Frameworks for High Dimensional Parallel and Distributed Optimization

Abstract: In this talk I present frameworks for solving high dimensional optimization problems, in which both the number of variables and the amount of data are huge. In these settings, practical applications require solvers to work at extreme scales, and despite decades of work, existing solvers do not scale as desired in many cases. I present black-box acceleration frameworks for speeding up convex solvers, which can be used in either parallel or distributed settings. Given a huge problem, collaborators and I develop dimension reduction techniques that allow the problem to be solved in a fraction of the original time, and make the computation more amenable to distributed or parallel computation.

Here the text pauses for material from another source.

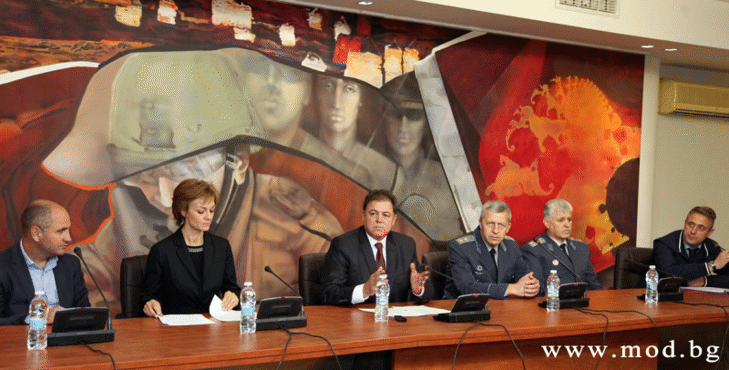 Министърът на отбраната Николай Ненчев: Преминаваме към пряко договаряне на доставката на двигатели за МиГ-29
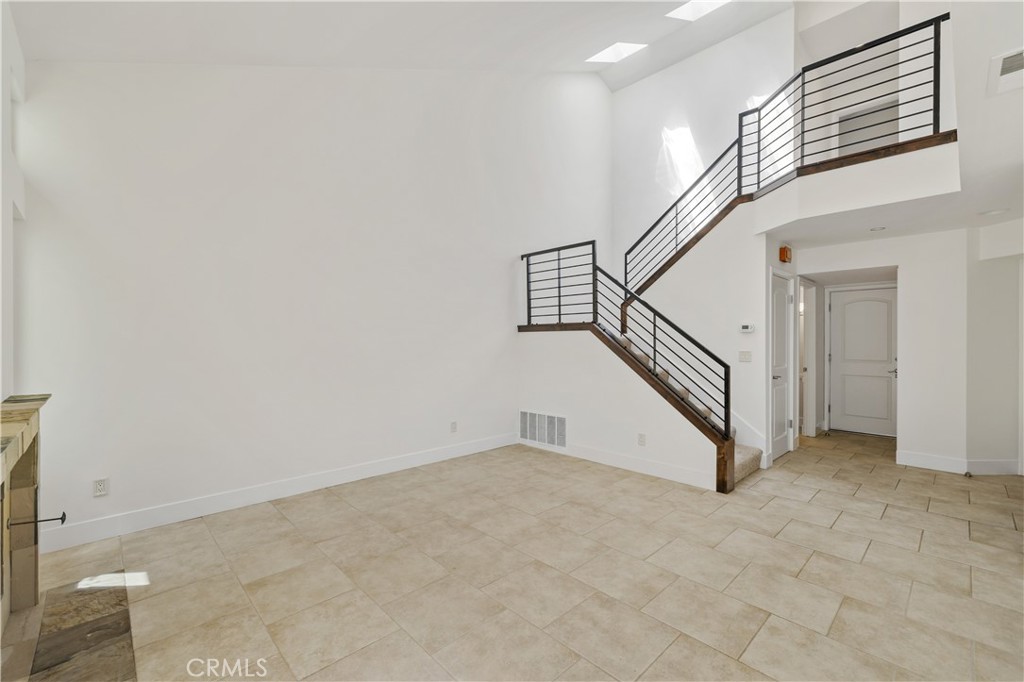 6332 Caminito Del Pastel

I present a novel framework that can speedup linear programming (LP) solvers, such as Cplex and Gurobi, by orders of magnitude, while maintaining nearly optimal solutions. The framework can be used for both linear programs and integer linear programs. I present worst-case guarantees on both the quality of the solution and the speedup provided. Here, I consider the special case of packing linear programming. Secondly, I consider convex problems with linear constraints, defined with respect to a graph, where the problem data is distributed across the nodes. I present a framework that uses far less communication than existing distributed techniques require and is robust to link failures in the graph. Both theoretically and empirically, the approach uses orders of magnitude less communication than existing approaches, while maintaining nearly optimal solutions.

Bio: Palma London is a Ph.D. student in the Department of Computing and Mathematical Sciences at the California Institute of Technology. Prior to joining Caltech, she received a double B.S. degree in Electrical Engineering and Math at the University of Washington. Her research interests are generally in convex optimization, distributed algorithms, and machine learning.